Aile Nurun okumasını ve bu hayattan kurtulmasın, en azında aileye yük olamayacak kadar kendi ayakları üzerinde durmasını istemektedir. Nur ilk bölümü başarı ile bitirmiş orta bölümün de sonuna gelmiştir. Gençliğin verdiği hevesle gözü televizyonlarda gördüğü o lüks hayatı yakalamak ve onu yaşamaktadır.

             Fakat Doğan Kentten nasıl çıkacak ve nasıl o güzel hayata ulaşacak onu bilememektedir. Çıkıp gitme şansıda yoktur çünkü yaşı daha on üç on dört olduğu için yakalandığı yerde getirilip ailesine teslim edilecek bunu çok iyi bildiğinden; Şimdilik okuluna devam etmektedir.

            Zaman geçip gitmektedir. Nur okuluna devam etmekte oldukça da başarılı bir öğrencidir. Diğer arkadaşlarına göre daha akıllı bir kızdır. Öğretmenleri Nurun ailesine bu kızı mutlaka sonuna kadar okutun diye tavsiyede bulunmaktadır. Oysa Nurun içinde kopan fırtınadan hiç kimsenin haberi yoktur. O televizyonlarda gördüğü o görkemli hayatı düşlemektedir. Doğan kent ona çok dar gelmektedir.
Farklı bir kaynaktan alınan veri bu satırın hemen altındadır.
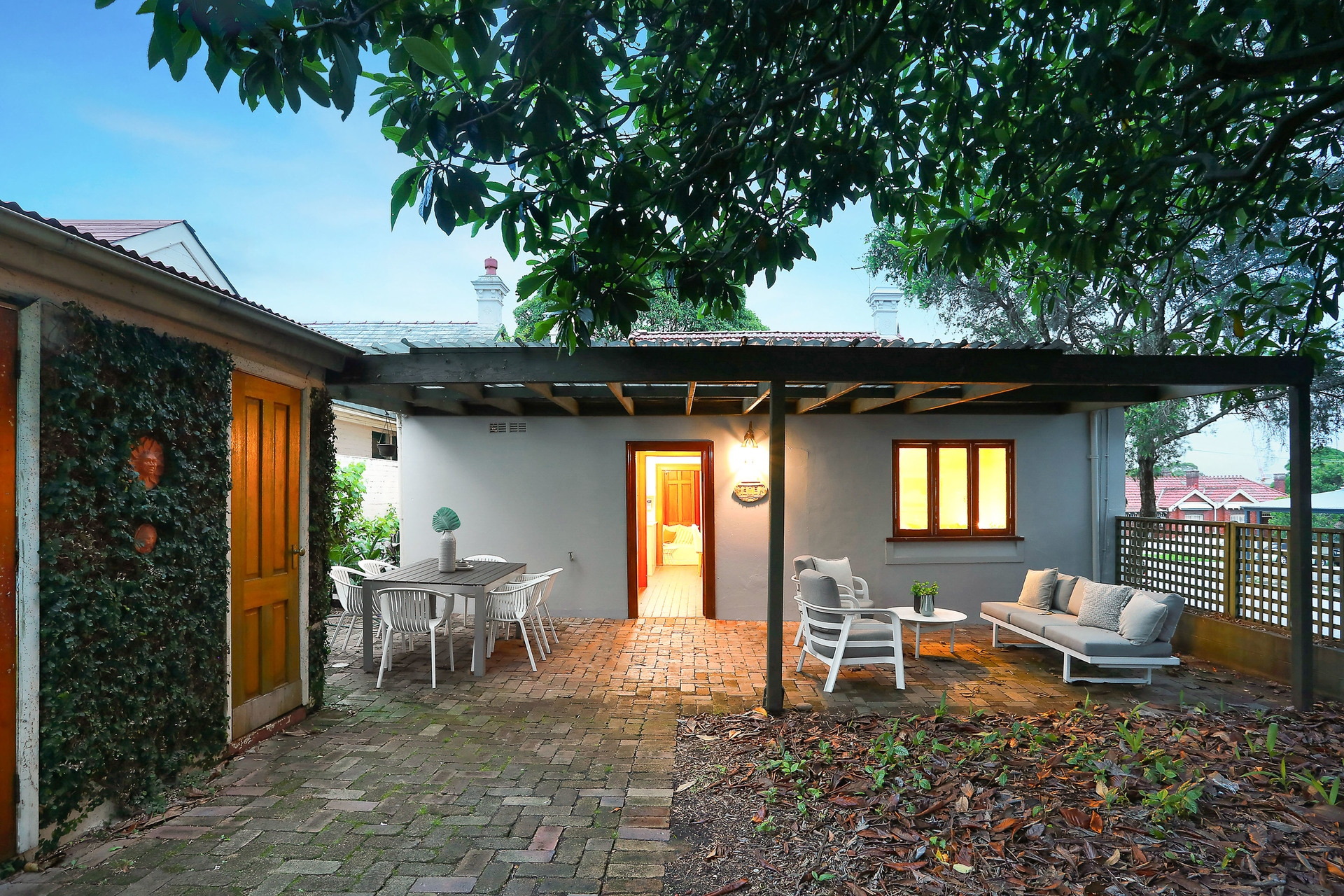 7 Cromwell Street, Leichhardt Sold by Hudson McHugh - image 1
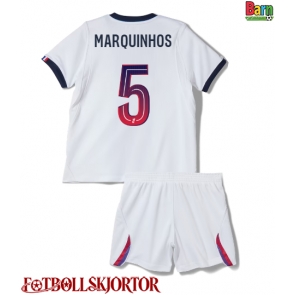 Paris Saint-Germain Marquinhos #5 Borta Kläder Barn 2026-27 Kortärmad (+ Korta byxor)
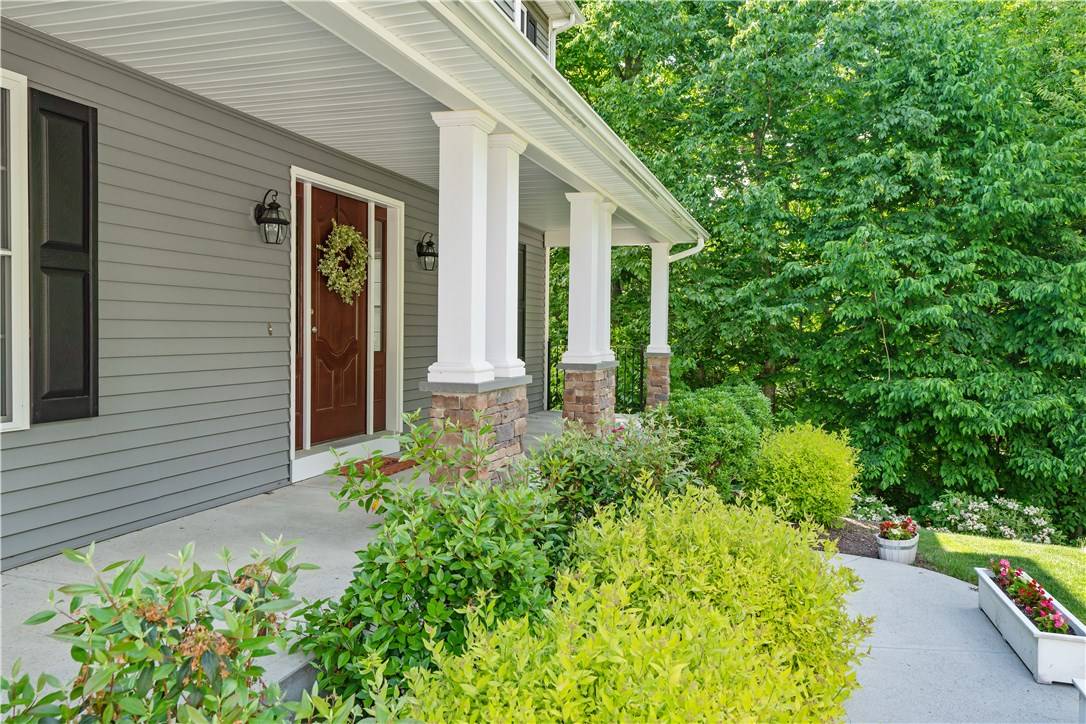 Smithfield, RI 02917,1 Crest CIR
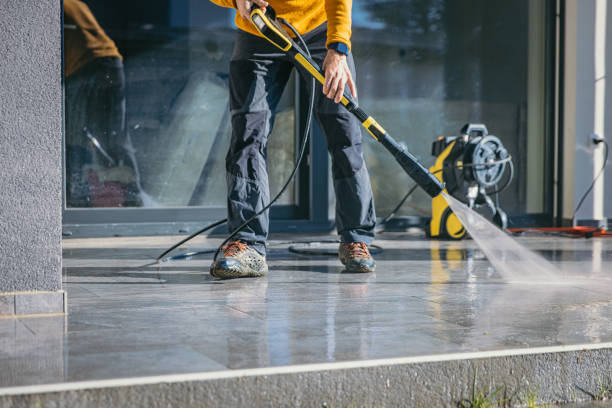 Best Deck Pressure Washing  in Colona, IL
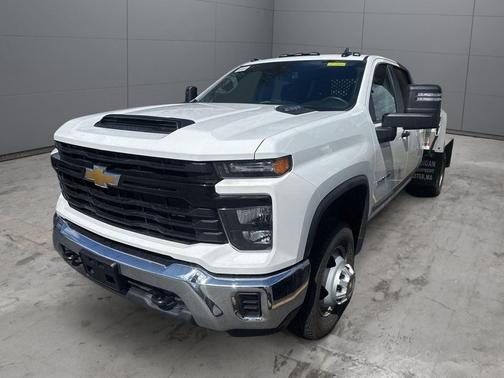 Summit White 2026 Chevrolet Silverado 3500 WT
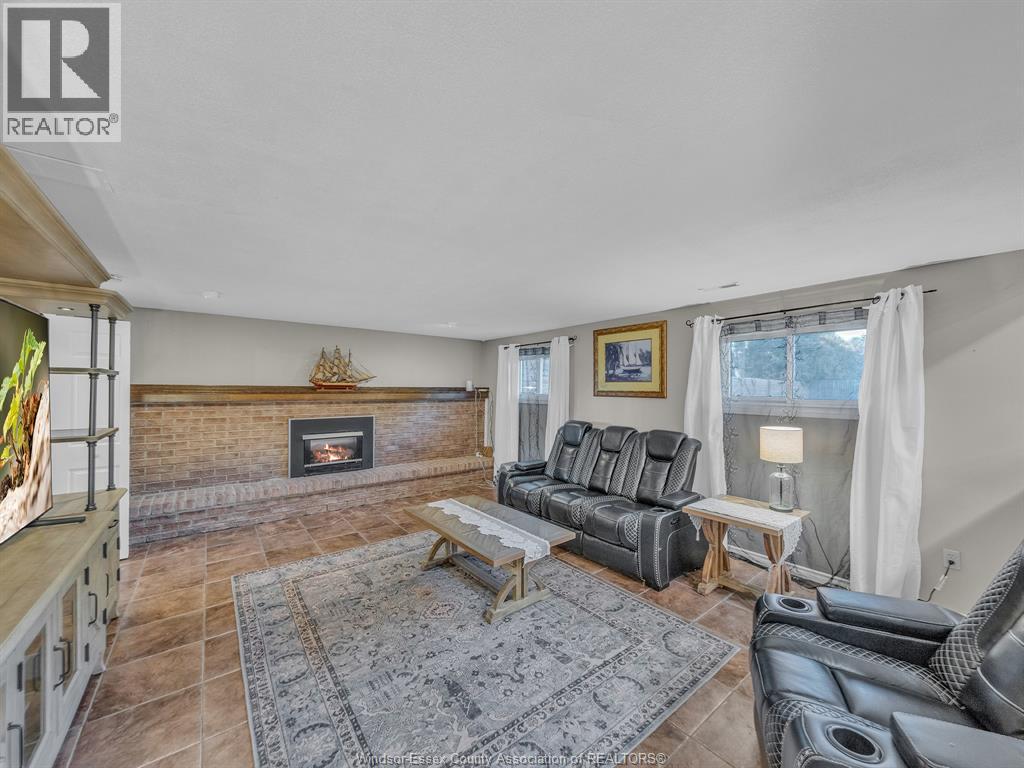 10 Durango, Amherstburg, Ontario N0R 1G0 - Photo 21 - 25028014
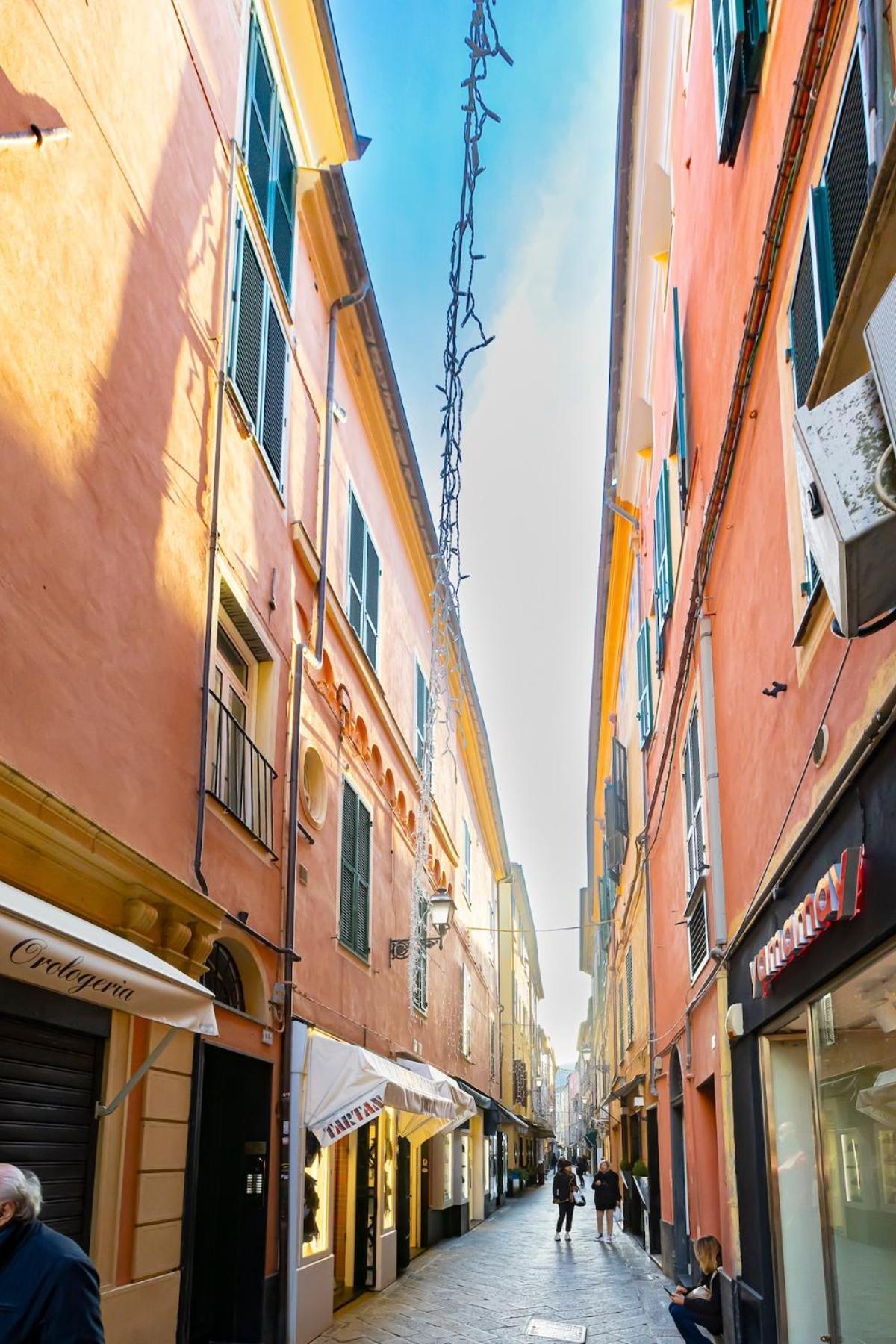 Vico Chiusetta 5 Appartamento Alassio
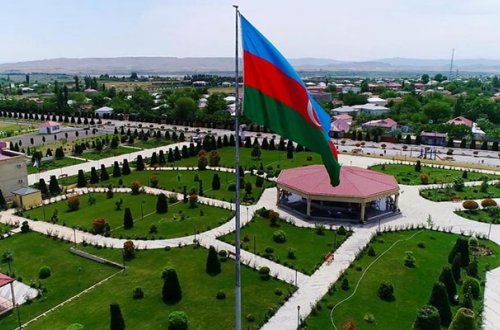 В Физули отправились первые 23 семьи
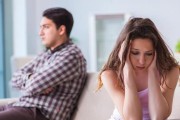如何挽回出轨男人的老公？（从沟通到行动，一步步教你重建夫妻关系）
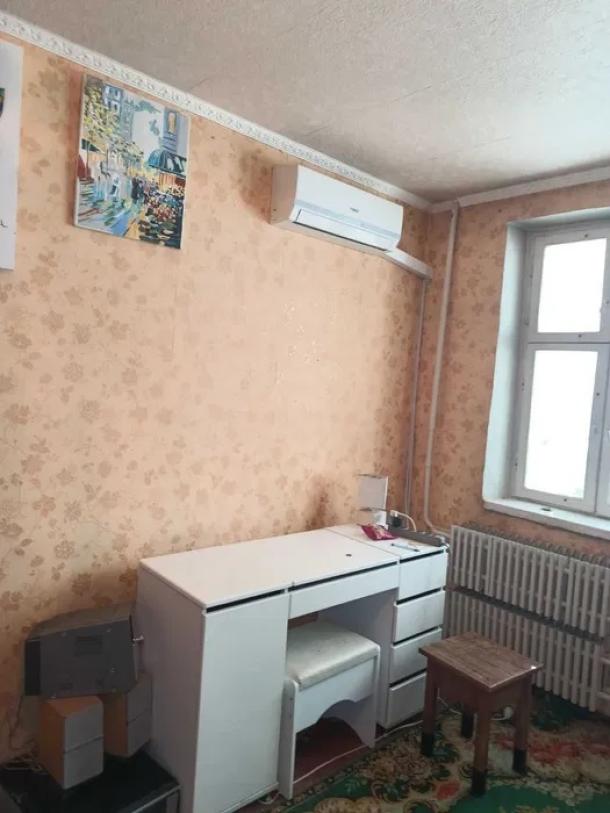 Квартира, 2-кімн., Харьков, Рогань жилмассив, Роганская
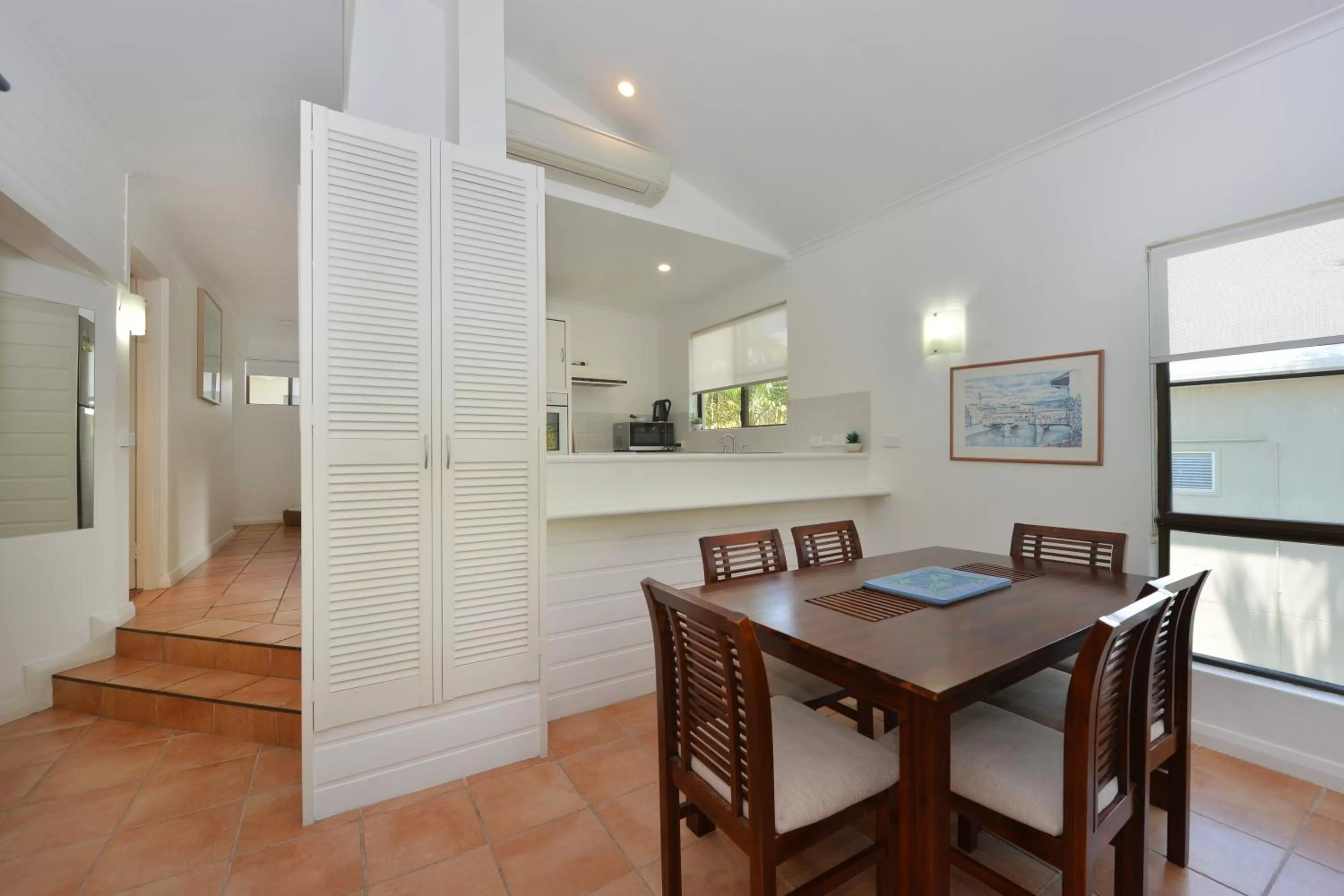 Dining area in Driftwood Mantaray - Official Onsite Reception and Check In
          Türkiye elektrik kurumu Harşit çayı üzerinde elektrik santralleri inşa etmektedir. Elektrik dağıtımı içinde araziye direklerin yerleştirilmesi gerekmektedir. Bu işi de taşeron firmalara ihale ederek yaptırılmaktadır.

         Nur’un köyünde elektrik direği dikim işinde çalışan işçi Mustafa Nur’a gönül vermiştir. Bir yolunu bulur nurla tanışır. Onu çok sevdiğini söyler, Nur’un hayalinde lüks hayat yatmaktadır.

           Mustafa köyünde fakir bir ailenin çocuğudur. Başında doğru dürüst barınacak evi yoktur ailesinin kaldığı evin rüzgar bir yandan girdimi öbür yandan çıkmakta zorluk çekmemekte eski ahşap bir evdir.

          Nur Mustafa’ya ailesinin kalabalık ve yoksul olduğunu; Varlıklı kendisini seven birsi ile evlenmeyi düşündüğünü, yoksulluk çekmek istemediğini söyler. Mustafa’nın arkadaşlık teklifini ret eder.

           Mustafa yalan söylemekte ve insanı ikna etmekte usta birisidir. Öyle bir anlatımı vardır ki olmaya bir şeye o anlatınca kesin var diye inanılır. Hal böyle olunca Mustafa artık hünerini ortaya kokmaya karar verir. İşçi arkadaşları ile anlaşarak kendisini iş sahibi olarak tanıtmaya karar verir. Nur’la buluştukları zaman etrafındaki işçi arkadaşları patron diye hitap etmeye başlar. Nur’un aklı karışır ve Mustafa’ya karşı ilgi duymaya başlar. Aradan üç beş ay geçer iki gencin arkadaşlığı devam etmektedir. Bu arada Mustafa boş durmamakta her türlü sevgi gösterisini Nur’a uygulamaktadır. Geçtiği yollar güller dökmekte köyden okula kadar ona eşlik etmektedir.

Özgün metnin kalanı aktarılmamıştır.